Barthold van den Houten

Wat vooraf ging:
Marian en ik waren met de Carrera naar de eerste Internationale Four-cam Meeting gegaan en hebben de auto daar vol belast (zie mijn verslag in het eerste clubblad van dit jaar). Tijdens de rit begon de motor meer en meer te knallen in de inlaat, hetgeen ik toeschreef aan een uitgeblazen inlaatspruitstuk-pakking. Dat had ik al eens eerder meegemaakt. Drie uur in de file bij Keulen maakte ook dat het lopen van de motor er niet beter op werd (vervuilen van de bougies, zie foto 1). Niets aan de hand, de motor moest er bij thuiskomst toch uit voor een onderhoudsbeurt (zie ook het verslag in het vorige clubblad).

Dus, motor eruit, bougies eruit, motorbeplating afbouwen, spruitstuk eraf, en hé, de pakking onder het spruitstuk was in veel betere conditie dan ik had gedacht! Bij Hofmann pakkingmateriaal besteld en tijdens Essen Techno Classica even opgepikt bij zijn stand. Nieuwe bougies gemonteerd (zilver elektroden), kleppen gesteld, nieuwe pakkingen gemaakt, motor opgebouwd en weer in de auto ‘geschoven’. Eveneens monteerde ik een nieuwe weerstandsbaan in de gever van de meter in de benzinetank, én nam ik de stuurbuis uit om het bovenste lager ruimer te maken. Ik was heel goed bezig geweest (volgens mijzelf, dus) en als beloning verwacht je: starten en lopen, niet zomaar lopen, maar mooi lopen. Niet dus.


‘Peng’-geluid
De motor liep heel beroerd. Ook was er een harde metalige ‘peng’, rechts te horen, misschien wel hetzelfde geluid dat ik, zittend achter het stuur, hield voor de knallen via de lekke inlaatpakking, die niet lek bleek te zijn zoals ik tijdens de onderhoudsbeurt had kunnen vaststellen.
Nu is het zo, dat je met de motor in de auto niet veel kunt ondernemen. Wat nog wel kon, was het uitdraaien van één bougie per cilinder. Liet ik daarna de motor ronddraaien op de startmotor, dan hoorde ik het ‘peng’-geluid niet. Tijdens het meten van de compressie kwam er een aap uit de mouw. Namelijk: met de meter in het bougiegat was het ‘peng’-geluid er weer; met de meter er weer uit, verdween het geluid!
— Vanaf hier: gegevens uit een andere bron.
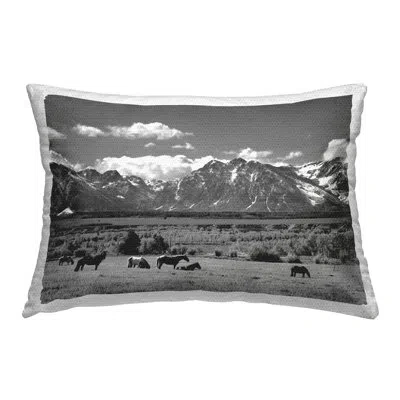 Stupell Industries Mountain Landscape Horses Outdoor Printed Pillow By Steve Toole In Black;white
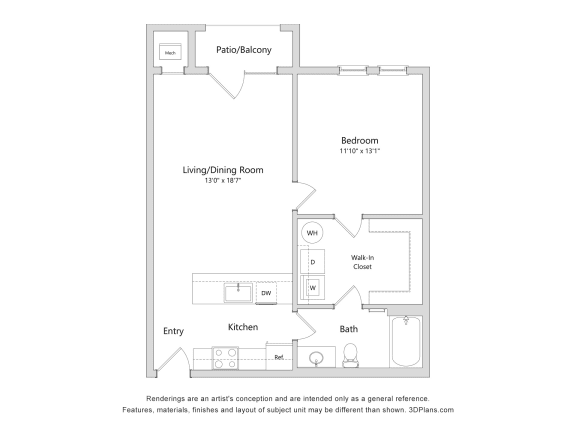 a floor plan of a studio apartment with a bedroom and a living room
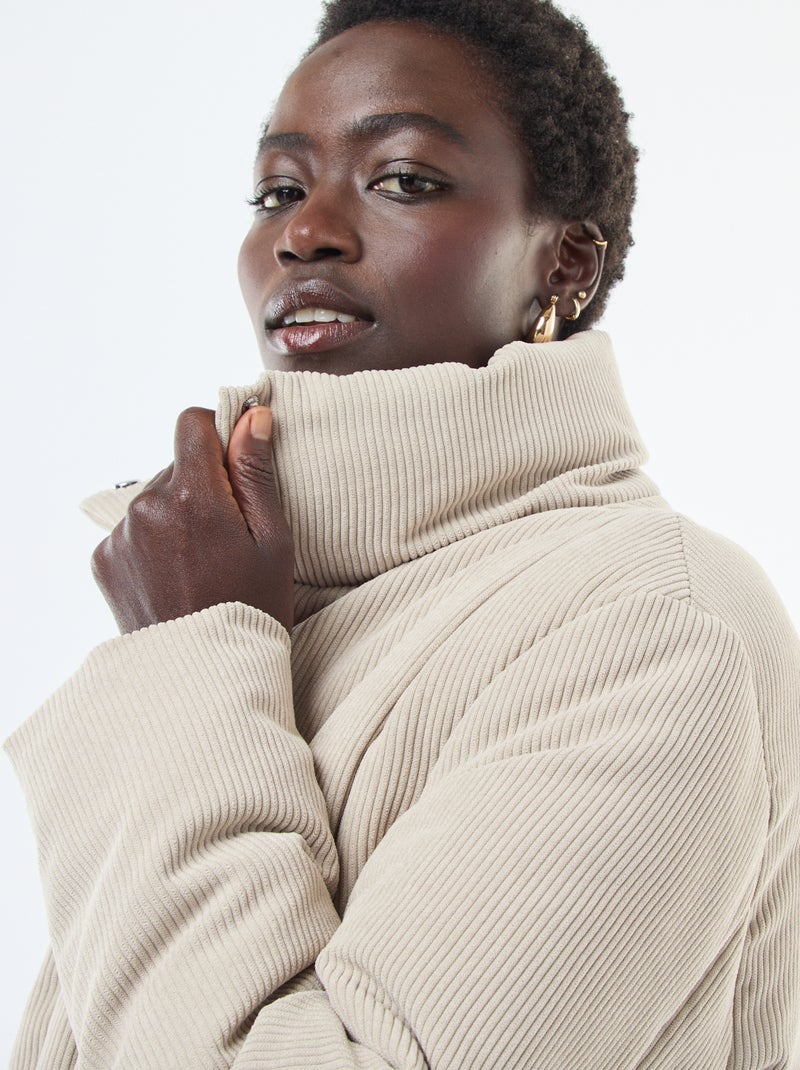 Giacca 'JDY' in tessuto a coste con collo avvolgente Beige - Kiabi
Ergo: er was iets goed mis met een (inlaat)klep van de eerste cilinder.
Peter Hofstee gevraagd om ook te komen luisteren, en zijn oordeel was ook: klep, zeker en vast. Wat nu? Ik had me immers al ingeschreven voor de Achterhoek-meeting met drie auto’s, waaronder ook de cabrio (net na z’n restauratie) en deze meeting was al over tien dagen! Wat te doen? Goeroe Gloch bellen dan maar. Hij was echter een rally aan het rijden en had dus op korte termijn geen tijd. Goeroe Hofmann gebeld, die zei dat ik Gloch moest bellen, dus hij had ook de oplossing niet. Goeroe Baumann woont niet meer in Zwitserland, maar woont nu in Italië, nog verder weg en ook niet handig dus om de auto even naar toe te brengen voor een spoedklus.

Een kloek besluit
Moedeloos liet ik het hoofd hangen, en wat zag ik toen? ‘Stoute schoenen’, ik had ze al aan! (Zie foto 2.) Met deze schoenen aan, nam ik het kloeke besluit: ik doe het zelf. Immers, een auto op een aanhanger naar Gloch brengen en weer ophalen is al 32 uur sturen, en dan komen er nog allerlei kosten bij. Al die uren, die je in dat geval op de snelweg zou uitzitten, kun je ook gebruiken om zelf een heleboel te sleutelen. Bijkomend voordeel is natuurlijk dat de mogelijkheid zich voordoet iets van de motor te leren en daarbij wellicht ook (als de operatie goed gaat) de angst voor de motor wat te verliezen.
Dus, auto weer omhoog, motor eruit, motorbeplating er weer af en klepdeksels er weer af. Het eraf halen van de klepdeksels en het opnieuw monteren daarvan, is vrij veel werk overigens. Dit komt omdat de acht pakkingen al oud zijn en voorzichtig helemaal schoongemaakt moeten worden, evenals de pasvlakken op de koppen en de deksels. Ze worden weer gemonteerd met een vloeibare pakking. Ook is het lastig om de acht bouten/moeren op de onderste twee klepdeksels oliedicht te krijgen, maar zover zijn we nog niet.

De P 120
Al doende bleek het helaas niet mogelijk om slechts een deel van het uitlaatsysteem te verwijderen en het geheel moest er af. Dit zou niet zo’n probleem zijn, als er niet sprake was van twee ‘onmogelijke’ moeren (foto 3). Ten slotte werd ik ze de baas door gebruik te maken van een minidoppenset-verlengstuk met gewricht en een één maat te grote zeskantdop. Naar mij later bleek, hadden ze bij de fabriek ook ontdekt dat het hier ‘onmogelijke’ moeren betrof, want ze ontwikkelden speciaal hiervoor de ‘Gelenk-Steckschlüssel’, bij eenieder (behalve bij mij) natuurlijk beter bekend als de ‘P 120’. Je weet wel, van ‘geef mij de P 120 even’.
Alvorens de cilinderkop nu los te nemen, begon het grote kijken, kijken, merken (foto 4), fotograferen en nadenken, want immers, de nokkenassen moesten er af, en dan zou de timing dus weg zijn.


Algemene beschrijving
Even, voor degenen die niet helemaal paraat hebben hoe de (klep)sturing bij een 1500 GS Carrera is opgebouwd, een algemene beschrijving.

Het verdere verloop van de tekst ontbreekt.